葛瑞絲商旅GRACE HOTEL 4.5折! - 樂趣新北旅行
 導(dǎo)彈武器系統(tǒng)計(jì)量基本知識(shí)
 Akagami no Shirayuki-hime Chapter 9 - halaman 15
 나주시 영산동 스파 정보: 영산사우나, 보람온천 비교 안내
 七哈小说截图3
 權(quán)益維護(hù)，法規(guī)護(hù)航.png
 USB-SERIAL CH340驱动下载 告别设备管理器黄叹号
============================================================
Your instructions >> Reproduce without change every line of the entries above, from the one containing "權(quán)益維護(hù)，法規(guī)護(hù)航.png" through the last.

Response box >>
 權(quán)益維護(hù)，法規(guī)護(hù)航.png
 USB-SERIAL CH340驱动下载 告别设备管理器黄叹号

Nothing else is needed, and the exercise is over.